De helderheid van het beeld op het scherm kan verschillen van die van het beeld dat in
werkelijkheid wordt opgenomen.
Hint
Kleinere F-waarde (het diafragma wordt groter) verkleint het bereik waarin alles
scherpgesteld is. Dit maakt het mogelijk om scherp te stellen op het onderwerp en
voorwerpen voor en achter het onderwerp onscherp te maken (de scherptediepte wordt
kleiner). Grotere F-waarde (het diafragma wordt kleiner) vergroot het bereik waarin alles
scherpgesteld is. Dit maakt het mogelijk om de diepte van de omgeving op te nemen (de
scherptediepte wordt groter).
[41] Hoe te gebruiken
Handm. belichting
U kunt een opname met de gewenste belichtingsinstelling maken door wijziging van zowel
de sluitertijd als het diafragma.De sluitertijd en de diafragmawaarde kunnen worden
veranderd tijdens het opnemen van bewegende beelden.

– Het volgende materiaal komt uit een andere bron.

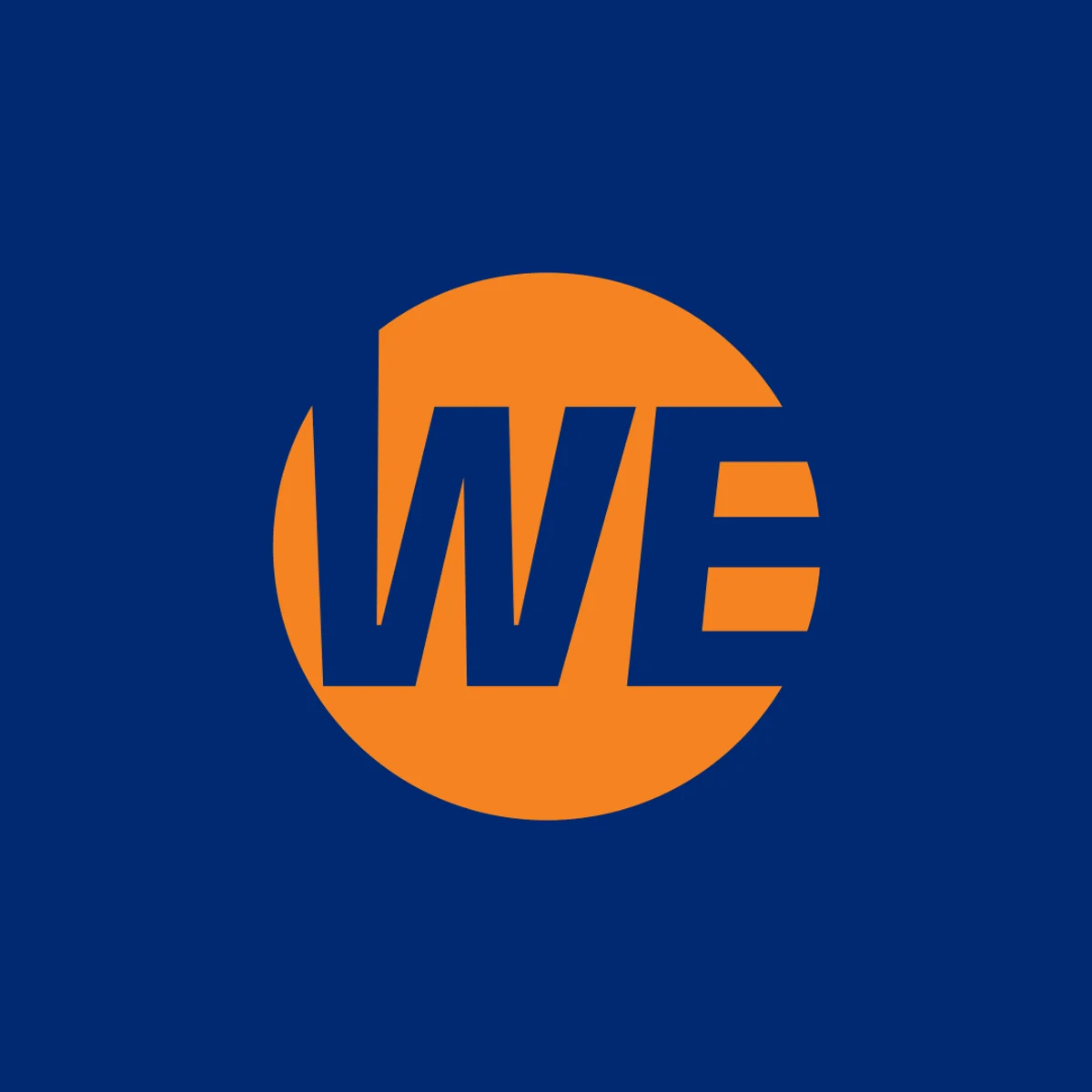 The WE emblem on its own: an orange circle on navy.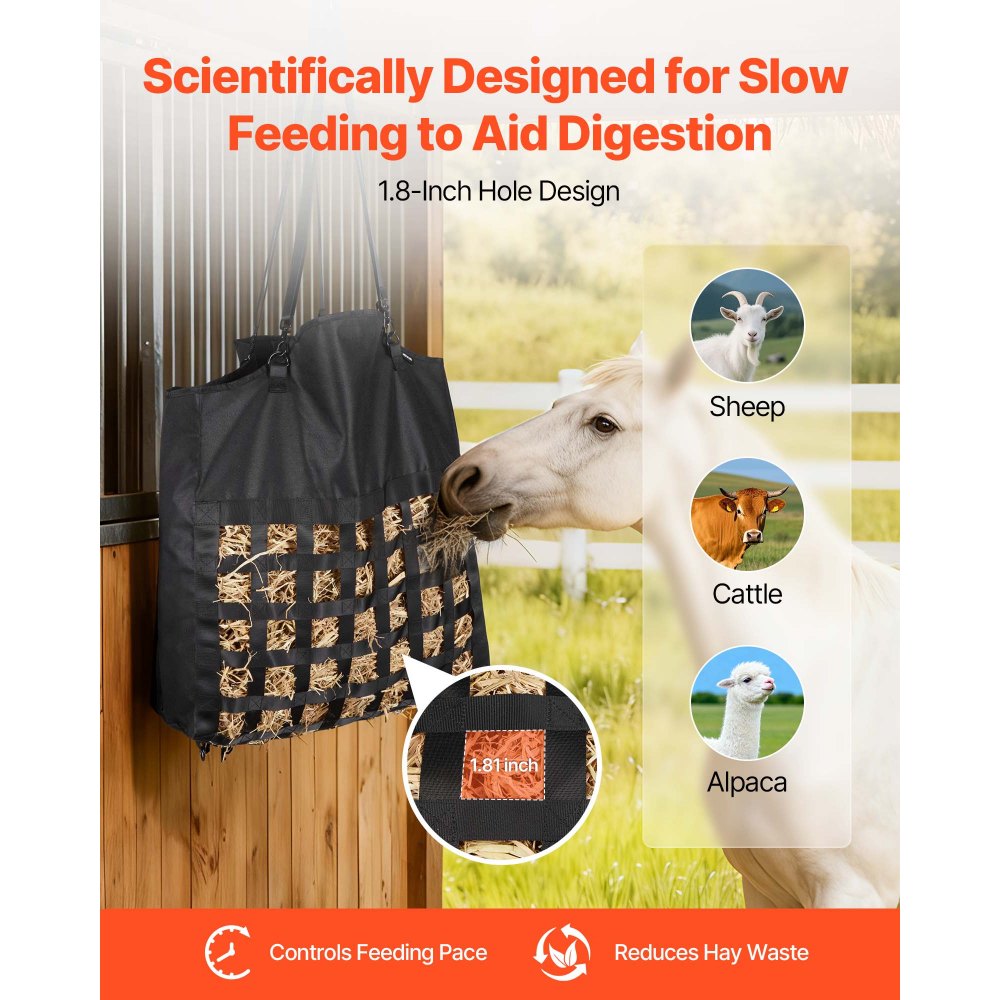 Τσάντα σανού VEVOR για άλογα, 55 x 18,5 x 64 cm, τρύπες 46 x 46 mm, κατασκευή από νάιλον υψηλής ποιότητας με αδιάβροχη επίστρωση PVC, ρυθμιζόμενοι ιμάντες κρέμασης και μεταλλικοί γάντζοι, τσάντα σανού αργής τροφοδοσίας για άλογα Τσάντα σανού VEVOR για άλογα, 55 x 18,5 x 64 cm, τρύπες 46 x 46 mm, κατασκευή από νάιλον υψηλής ποιότητας με αδιάβροχη επίστρωση PVC, ρυθμιζόμενοι ιμάντες κρέμασης και μεταλλικοί γάντζοι, τσάντα σανού αργής τροφοδοσίας για άλογα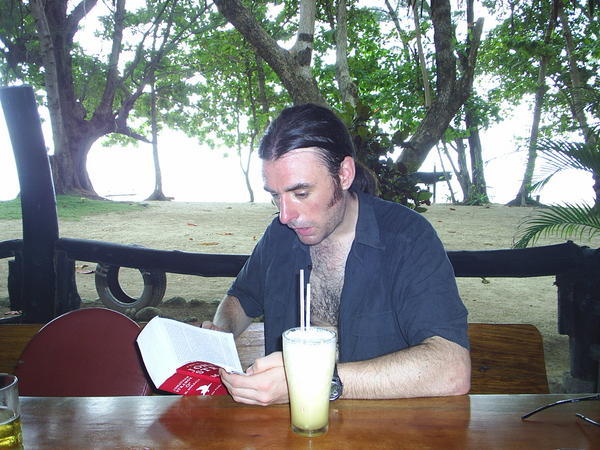 A pineapple shake in the restaurant by the beach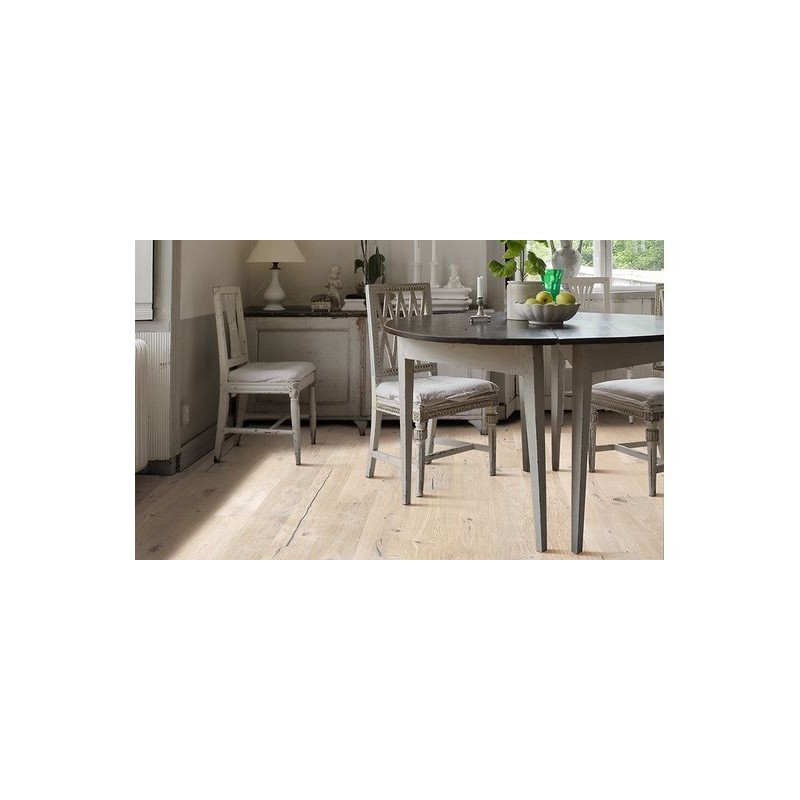 Eg Olof. Naturolie. Håndskrabet. Børstet. Fasede kanter. Hvid.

1. Zet de functiekeuzeknop in de stand M (Handm. belichting).
2. Selecteer de gewenste diafragmawaarde door de voorste keuzeknop te draaien.
Selecteer de gewenste sluitertijd door de achterste keuzeknop te draaien.
Als [ISO] is ingesteld op iets anders dan [ISO AUTO], gebruikt u MM (gemeten
handmatig) om de belichtingswaarde te controleren.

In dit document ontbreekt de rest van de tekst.